Ellipse
12.0 Director circle
12.0 Director circle
The locus of the point of intersection of the tangents to the ellipse $\frac{{{x^2}}}{{{a^2}}} + \frac{{{y^2}}}{{{b^2}}} = 1$ which are perpendicular to each other is called director circle.
Proof: Let us assume any tangent to the ellipse $\frac{{{x^2}}}{{{a^2}}} + \frac{{{y^2}}}{{{b^2}}} = 1$ in terms of slope i.e., $$y = mx \pm \sqrt {{a^2}{m^2} + {b^2}} $$
As shown in figure $17$, point $P(h,k)$ satisfies the equation of tangent.
$$\begin{equation} \begin{aligned} k = mh \pm \sqrt {{a^2}{m^2} + {b^2}} \\ k - mh = \pm \sqrt {{a^2}{m^2} + {b^2}} \\\end{aligned} \end{equation} $$
On squaring both sides, we get
$$\begin{equation} \begin{aligned} {(k - mh)^2} = {a^2}{m^2} + {b^2} \\ {k^2} + {m^2}{h^2} - 2mhk = {a^2}{m^2} + {b^2} \\ {m^2}({h^2} - {a^2}) - 2hkm + {k^2} - {b^2} = 0 \\\end{aligned} \end{equation} $$
which is a quadratic equation in $m$. Let slope of two tangents be ${m_1}$ and ${m_2}$.

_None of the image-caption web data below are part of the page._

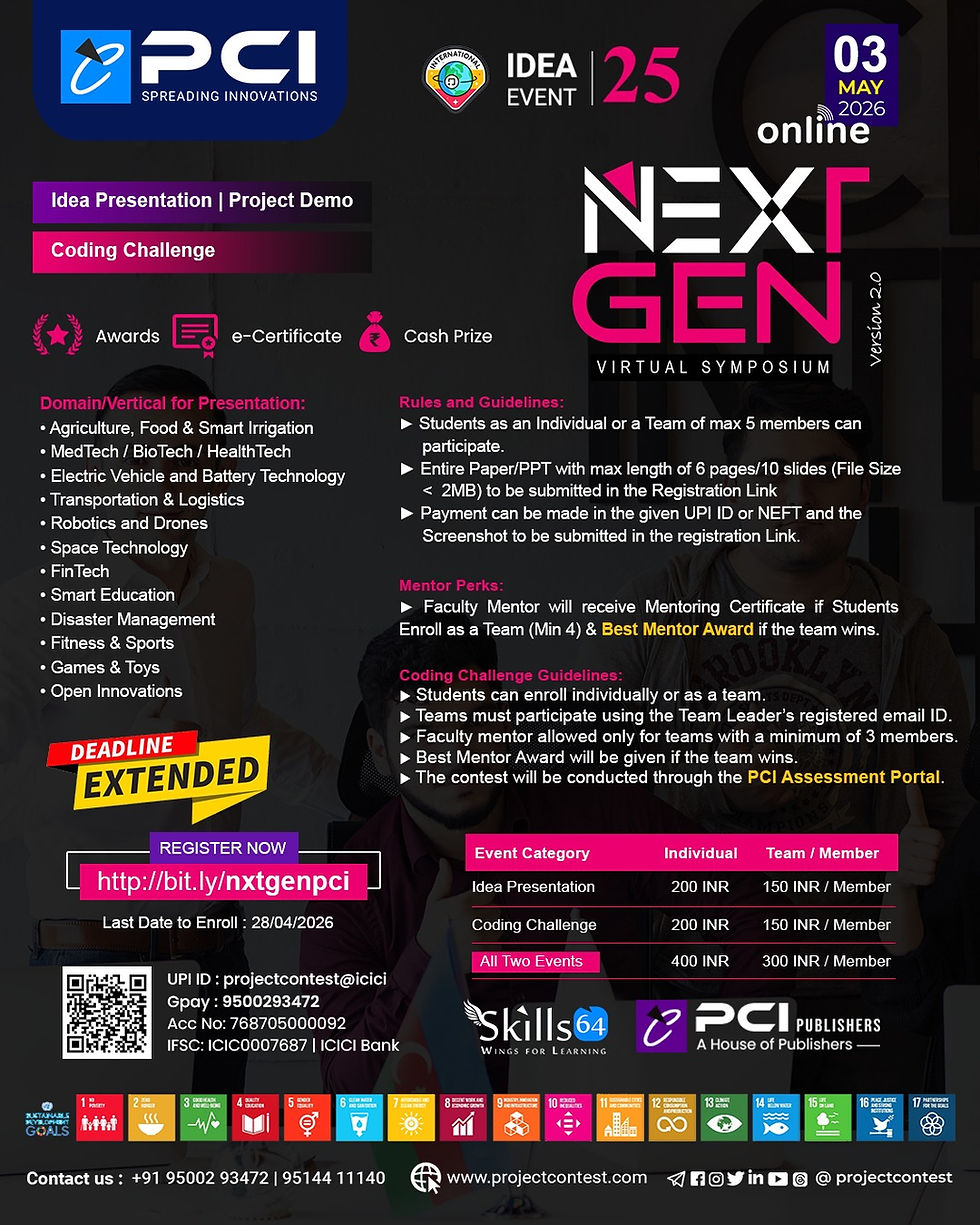 NEXT GEN - Innovation Symposium by PCI - Project Contest Innovations LLP (Online)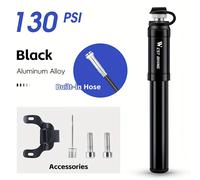 TEMU WEST BIKING 130PSI Mini Bomba de Bicicleta Accesorios para Bicicletas Portátil Manual y Duradera en Aleación de Aluminio Plateado, Inflado Rápido para Pneus de Ciclismo en Carretera y Montaña - 1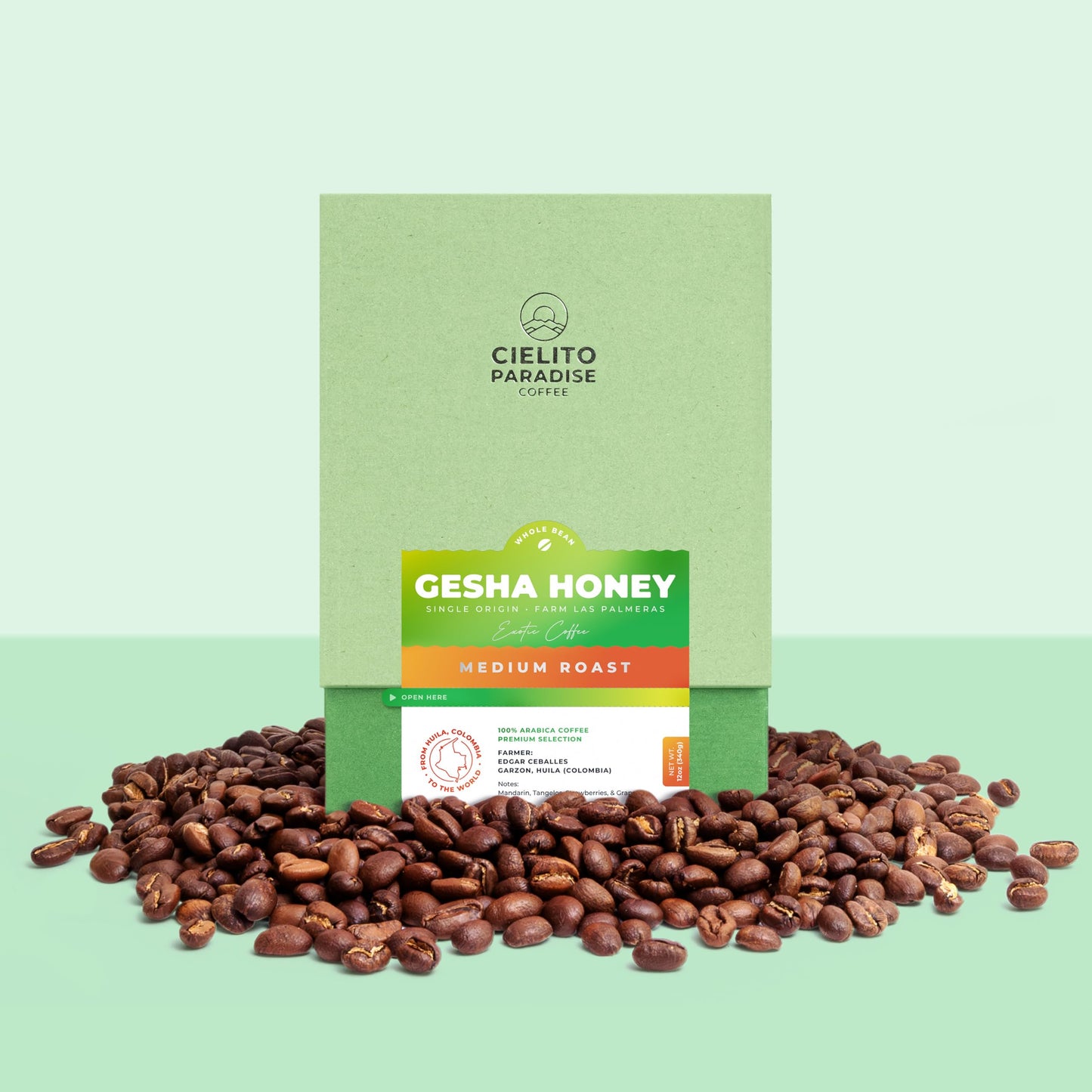 Gesha Honey, Medium Roast Cielito Paradise Coffee Whole Bean Garzon Huila Colombia Single Origin, With Exotic Notes Of Mandarin,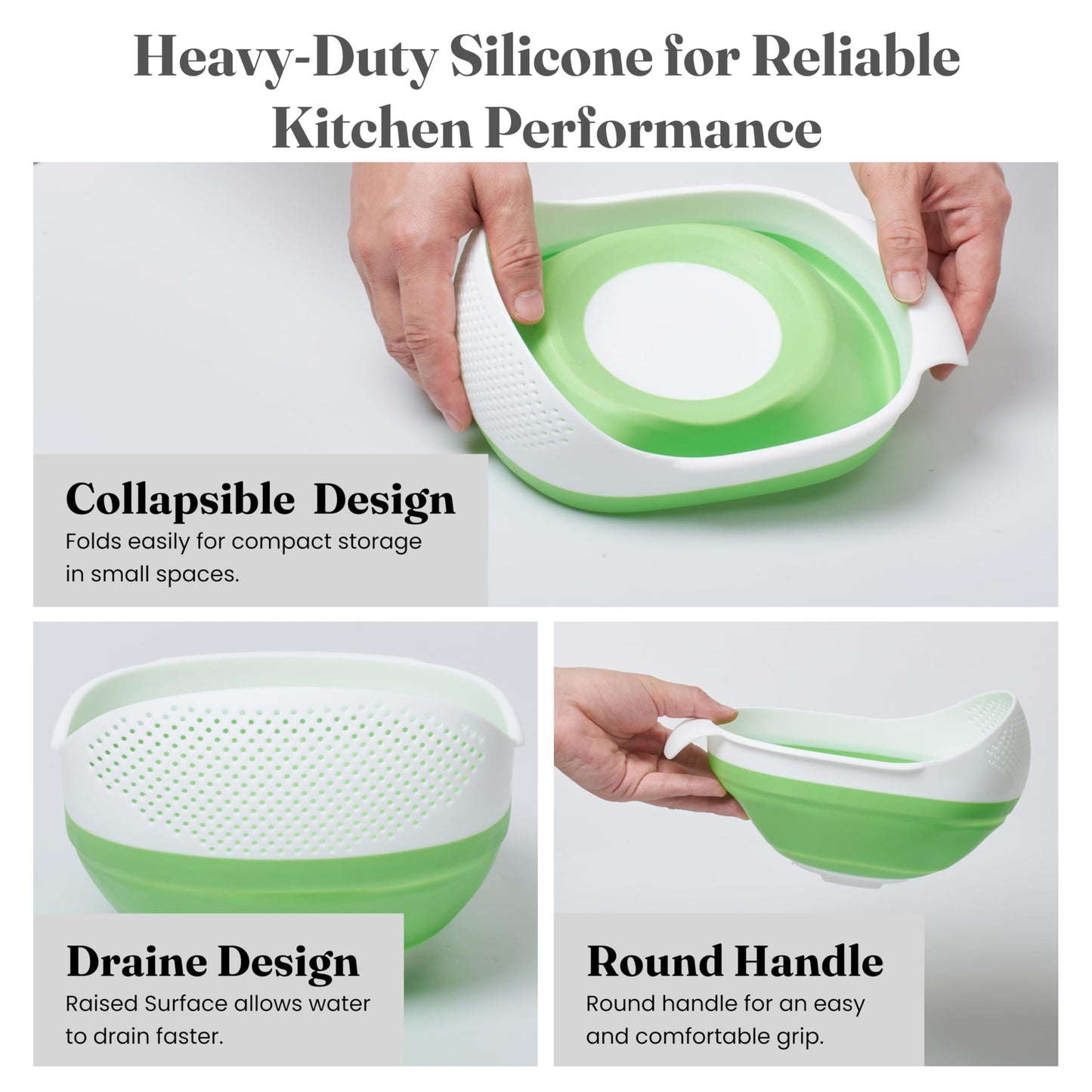 Kitchen Gizmo Snap N' Strain Clip On Strainer for Pots and Pans - Collapsible Silicone Pasta Strainer and Kitchen Gadget for Cooking - Easy to Use, Heat Resistant and Space Saving Colander - Green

$$\begin{equation} \begin{aligned} {m_1}{m_2} = \frac{{{k^2} - {b^2}}}{{{h^2} - {a^2}}} \\ - 1 = \frac{{{k^2} - {b^2}}}{{{h^2} - {a^2}}} \\ - {h^2} + {a^2} = {k^2} - {b^2} \\ {h^2} + {k^2} = {a^2} + {b^2} \\\end{aligned} \end{equation} $$
Hence, locus of point $P(h,k)$ is $${x^2} + {y^2} = {a^2} + {b^2}$$
which is the director circle of ellipse.